I live near the main road here, running down to Coogee Beach. Sun-lovers slouch down it all weekend: Australian families, British backpackers, Swedish grannies, American students. Last week they came as usual, in their shorts and their sleeveless tops, their hats and their flip-flops and their suncream. But there was something wrong on Sunday: few carried towels.
They were on their way to the local Oval for a memorial service for 12 October. Our rugby team, the Dolphins, lost six members in Bali, and members of other teams from nearby suburbs were also among the murdered. This was Australia’s day of mourning, and people came in their thousands.
The first words of the ceremony were those of John Lennon. We were asked to imagine all the pee-pull with no countries or religions to die for. It is a profoundly Western desire, this vision of total, secular globalisation. It is also a vision that has been largely achieved in Australia, as this ceremony indicated.
The poet Les Murray has suggested that Australians long ago achieved a ‘vernacular republic’ but forgot to tell the political class and the rest of the establishment, which continued to believe in a set of state and religious beliefs no longer relevant to most of us. To put it more crudely: ‘Neighbours’ is Australia. This might help to explain why the ceremony at Coogee Oval contained almost no manifestations of nationalism or religion. In this it reflected the public response of most Australians to the Bali massacre, so different from – so much more suburban than – America’s response to 11 September.
I have not heard our Prime Minister, John Howard, say anything about God in the past week. It was left to George Bush to bring God into it, in a sympathy broadcast to Australia. John Howard, an inarticulate man and a highly successful leader, has said two things that have struck a chord, and neither was in a set speech. They were contained in reports of comments in private conversation with victims’ families. He told one that he had ’19 million mates’. And he said that we would ‘get the bastards’ who did this. Both lines made the front pages.

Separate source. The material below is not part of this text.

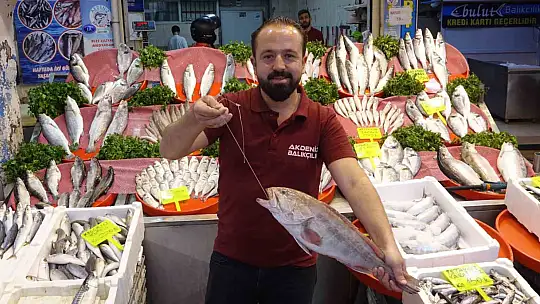 Gaziantep'te havaların serinlemesiyle balık satışları arttı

The symbols at Coogee Oval were not the flag and the crucifix but flowers. The simple black stage, set in the middle of the well-watered grass, had large native flower arrangements at each side. There was not one official flag, and I counted just two Australian flags among the crowd. The national anthem was not sung, and the talk was of community and family, not of Australia.
John Lennon would have approved of the ceremony, which was run by the local mayor. A priest in mufti apart from his dog-collar read messages from religious groups, and said one prayer, with which I’m unfamiliar. It concluded with the suggestion that we ‘open our hearts to hope so that we can know serenity and peace. Amen’. It was an almost embarrassingly inadequate response, especially from a Church traditionally so rich in consolation. In contrast, the New South Wales premier Bob Carr, who was born and lives in the area, was, like his audience, pragmatic and non-patronising. He said, ‘We know we will come to live with their absence. But not yet.’
Six children, junior members of the Dolphins, said a few words. The last one, a girl, broke down as she returned to her place. Carr reached over and put a hand on her shoulder, briefly. Men and women stood up, spoke and broke down; six empty football jerseys were draped over a wall. The fact that sport was tied to these deaths so closely gave them a significance, an Australianness, they would otherwise have lacked.
There were pop songs, both recorded and sung by the choir of a local school. At first I rebelled against this, at the banal lyrics and the trite tunes. I yearned for hymns and anthems, for something with more dignity and familiarity. But this is foolish: for most of those in the crowd, the words of ‘Walk On By’ or Sting’s ‘Fields of Glory’ are far more familiar, far more consoling, than anything the state or Church has to offer.
It was, I think, a very Australian experience. There was little anger, much sympathy, almost no reaching out to higher things for consolation. The human spirit here is, I think, a little constrained, but it is also resilient and generous and self-reliant. This is a country whose nationalism is suburban and whose religion is sport. You might say that suburbs are not nations, and sport is not a religion. But then, you wouldn’t be Australian.